Knowledge With Understanding

Recently, I posted about author Tom Holland, and his NPR interview where he claimed that any Muslim should be able to understand how he, as a non-Muslim, could try to make historical sense of the Koran, since he wasn’t bound by Muslim doctrine.  Given the alarming level of violence directed by some Muslims (usually overseas) towards both Muslims and non-Muslims over the issue of blasphemy (for Muslims) or “slander” (for non-Muslims), I thought at the time, and still think, it represents the kind of self-delusion that one only finds with a high degree of education.

But the subject appears to be in the air, as they say, and Peter Berger at the American Interest has penned a more thoughtful andcontemplative piece about the role that historical scholarship, as applied to the Koran, might play in advancing the cause of Islamic reformers, and in undermining the more radical elements that are gaining ascendancy in the Muslim world.

The Society for Biblical Literature, “the largest professional association concerned with Biblical and related studies; it is now strongly committed to a theologically neutral methodology of modern historical scholarship,” is getting ready to add the Koran to its portfolio of religious texts that it studies.

In its self-description the SBL says that it is “devoted to the critical investigation of the Bible”. A co-director of the consultation says that it would, among other things, seek to approach the Koran in the context in which the text arose, “as an historical, literary and religious text.” “Critical”, “context”, “historical” – these are words, used in connection with the Koran, that could get you killed in many parts of the Muslim world. But let me leave aside for the moment the question of the likelihood that such an approach could get a hearing among traditional Muslims. Rather I will ask a different question:  Given the core affirmations of Islamic faith, is this approach religiously plausible for believing Muslims? It goes without saying that only Muslims can decide what they can or cannot believe; a non-Muslim can be a historian of Islam, he cannot be an Islamic theologian. However, a sympathetic outsider can ask a question that does not presuppose belief: Are there intellectual resources for such an approach within the Muslim tradition?

A short answer to this question is yes. This answer, though, needs to be explicated.

Berger then goes on to describe a Muslim school of thought that, while maintaining the divinity of the Koran, nevertheless leaves room open for its allegorical interpretation in places.
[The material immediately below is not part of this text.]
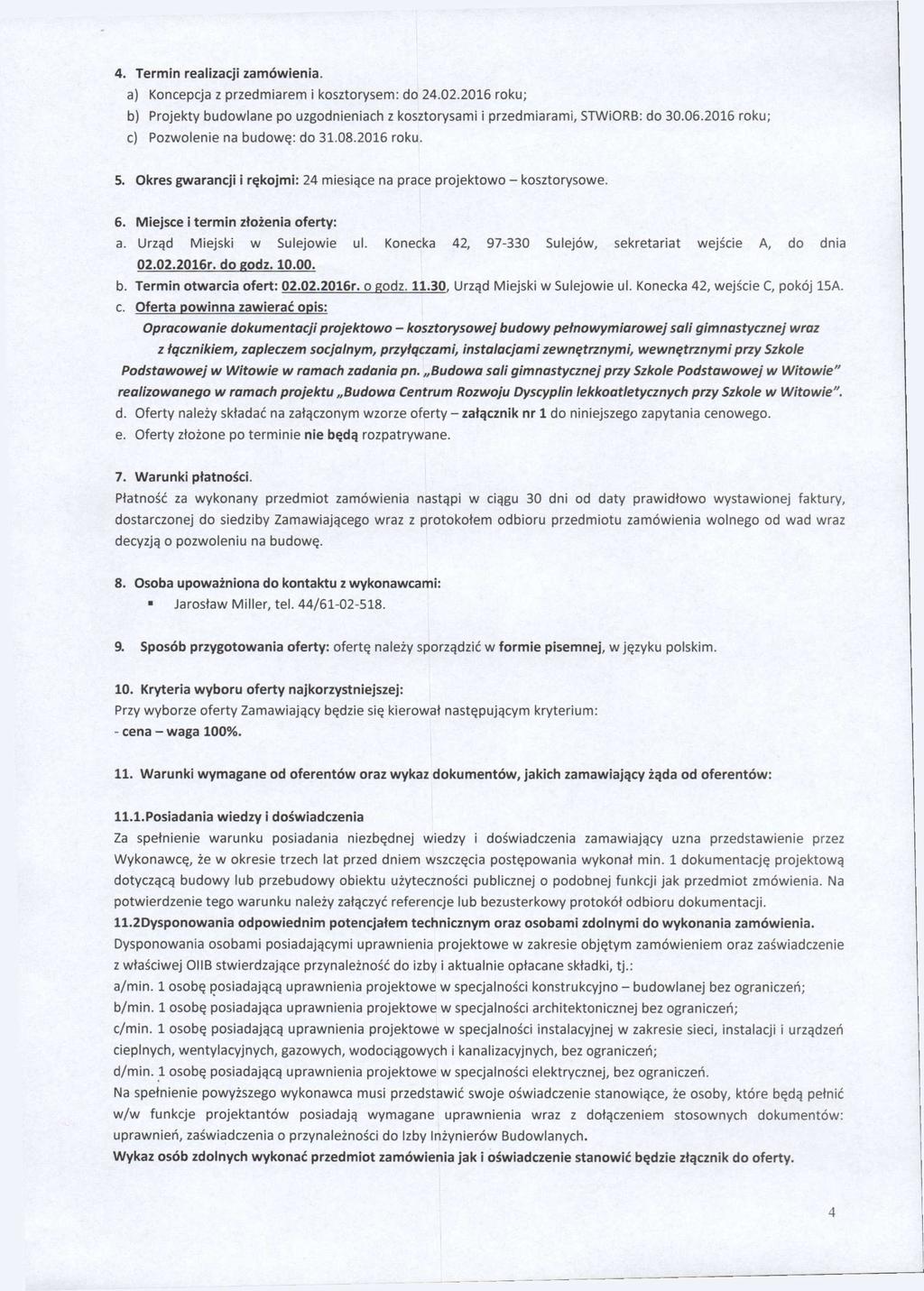 4. Termin realizacji zamówienia. a) Koncepcja z przedmiarem i kosztorysem: do 24.02.2016 roku; b) Projekty budowlane po uzgodnieniach z kosztorysami i przedmiarami, STWiORB: do 30.06.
Muslim reformers evidently often cite this school of thought and its methodology in support of their efforts to “reconcile Islam with pluralism, democracy and modern thought.”  It’s Berger’s contention that rationalist investigation into the Koran’s origin and development might not merely be left alone, as Holland hopes, but might actually inform such Islamic speculation.  How these discoveries would be integrated into Muslim thought would have to be left to Muslim theologians, of course.

If such ideas have a chance to work, they do here in the US, where most Muslims are far from radicalized, came here to get away from radicalization and its discontents, and where there is perhaps the most active effort to reconcile Islam with democracy and an officially secular society.  While Berger would probably deny that he’s underestimating the resistance that such ideas would meet in the Islamic world, I think he is, even here in the United States.  Both evangelical Christianity and Orthodox Judaism are testaments (so to speak) to the ability of serious faith to simultaneously absorb and ignore historical scholarly scrutiny of their texts.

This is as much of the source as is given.